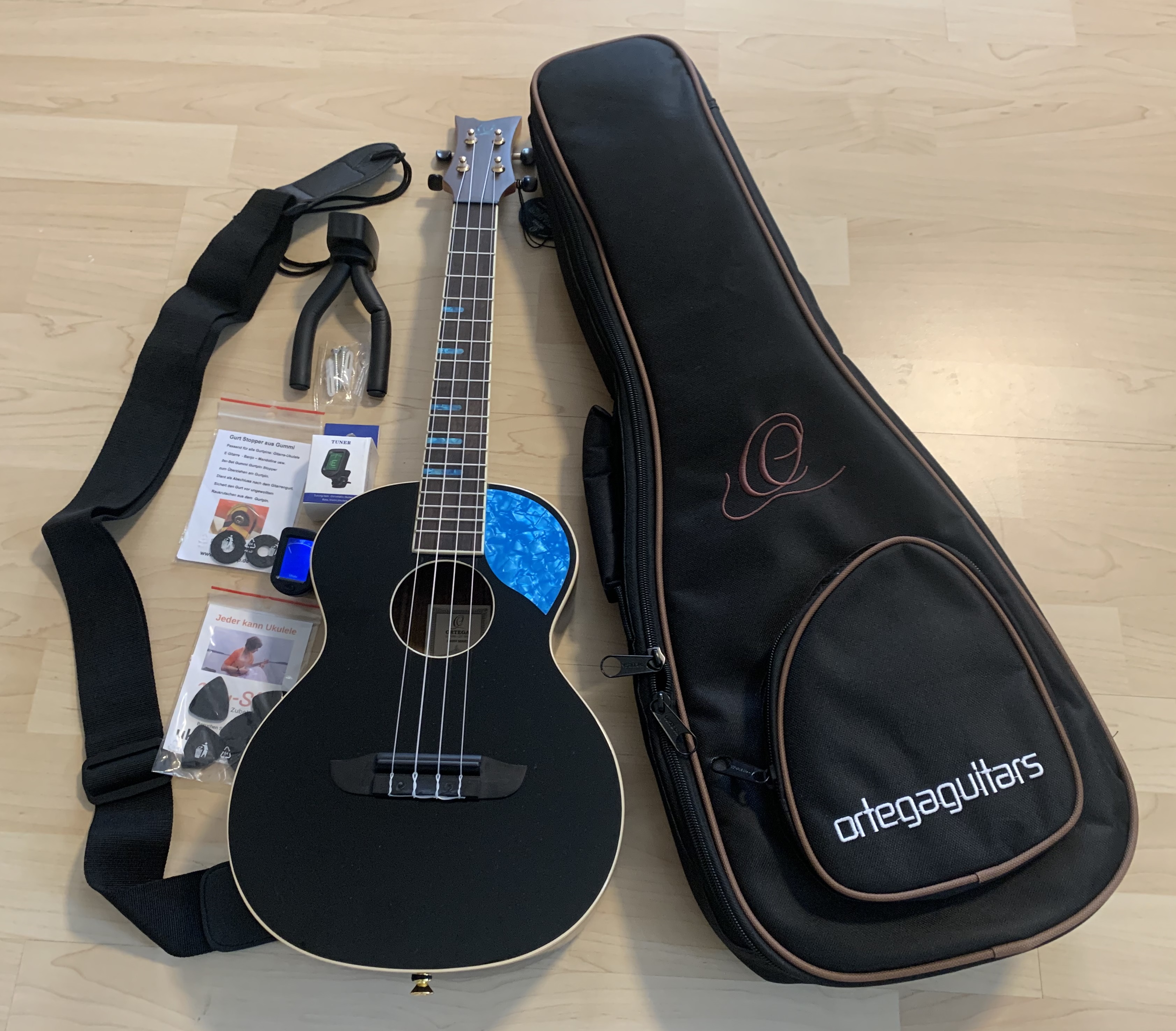 Ortega Tenor Ukulele mit Gigbag + Zubehör zum Sonderpreis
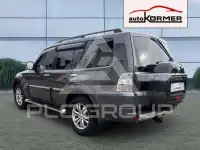 2018 Mitsubishi PAJARO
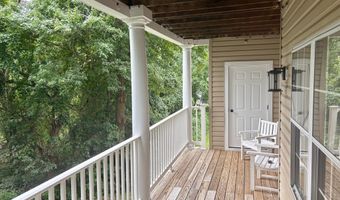 803 LATCHMERE Ct 104, Annapolis, MD 21401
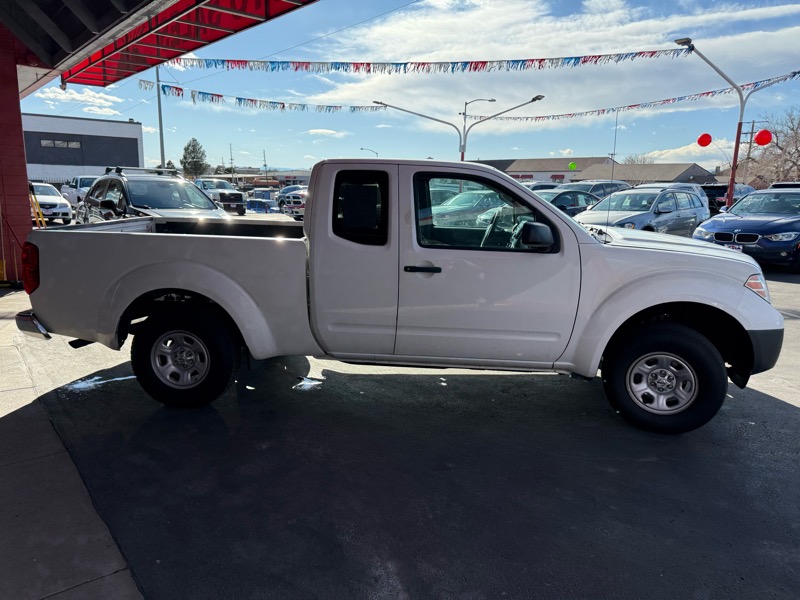Nissan Frontier S King Cab I4 5MT 2WD 2016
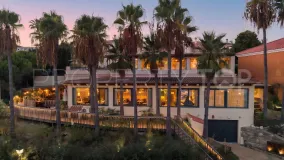 For sale hotel with 9 bedrooms in Alcaidesa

What needs to be done: The listing must be returned in full and exactly, apart from its pictures.

Written solution:
 Ortega Tenor Ukulele mit Gigbag + Zubehör zum Sonderpreis
 2018 Mitsubishi PAJARO
 803 LATCHMERE Ct 104, Annapolis, MD 21401
Nissan Frontier S King Cab I4 5MT 2WD 2016
 For sale hotel with 9 bedrooms in Alcaidesa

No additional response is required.